A l’inverse, le marché des terres et prés, dédiées à la culture ou à l’élevage, pourrait avoir atteint « un pic », indiquent les Safer. La hausse, nette en 2021, s’est poursuivie au rythme moins soutenu de 3,2% pour atteindre une valeur de 6 130 euros à l’hectare. Les terres et prés se vendent à prix plus élevé qu’ailleurs en Provence, en Champagne, en Normandie ou dans les Hauts-de-France. A l’inverse, la Bourgogne, le Limousin ou la Vendée font moins recette.

Les Safer observent par ailleurs une accélération du marché des parts sociales, susceptible de masquer des prises de contrôle non souhaitées. Il y a quelques années, l’acquisition de terres par des investisseurs chinois inquiétait les spécialistes.
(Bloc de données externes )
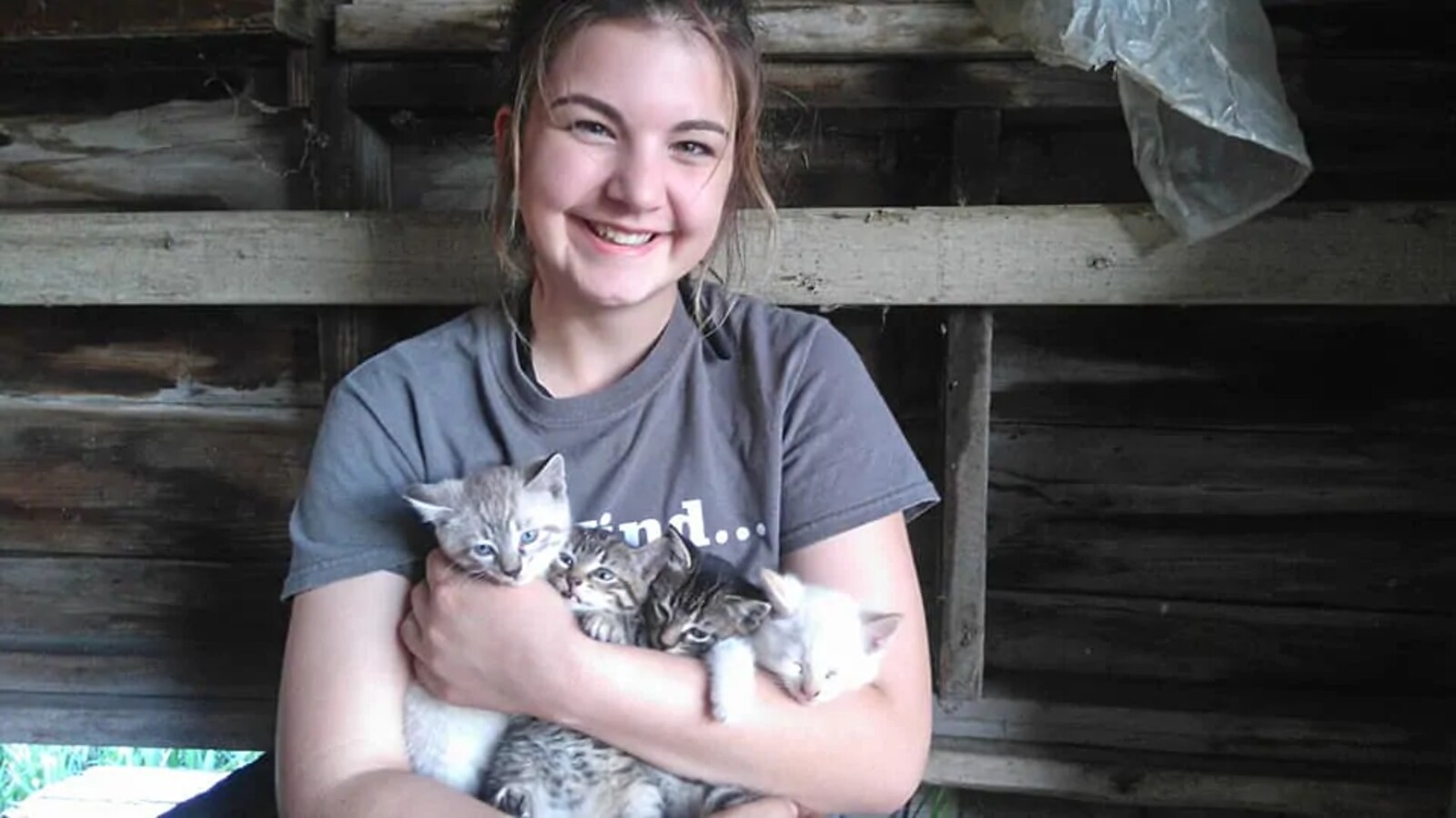 Une jeune femme assise dans une grange en bois tient quatre chatons dans ses bras.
L’an dernier, les cessions de parts ou actions de sociétés, qu’il s’agisse de sociétés de portage, comme les groupements fonciers agricoles ou les sociétés d’exploitation, ont progressé de 25%. Cela correspond à 3 milliards d’euros, en hausse de plus de 100%. La Fédération explique cette hausse, constatée notamment en fin d’année, par la perspective de la loi Sempastous, entrée en vigueur le 1er mars de cette année. Ce texte, que l’on doit à Jean-Bernard Sempastous, député (LREM) des Hautes-Pyrénées de 2017 à 2022, soumet à autorisation de la Safer toute cession de parts sociales qui entraîne ou renforce la prise de contrôle. S’il est encore trop tôt pour évaluer les effets de la réglementation, les Safer y ont gagné un pouvoir qu’elles réclamaient depuis plusieurs années.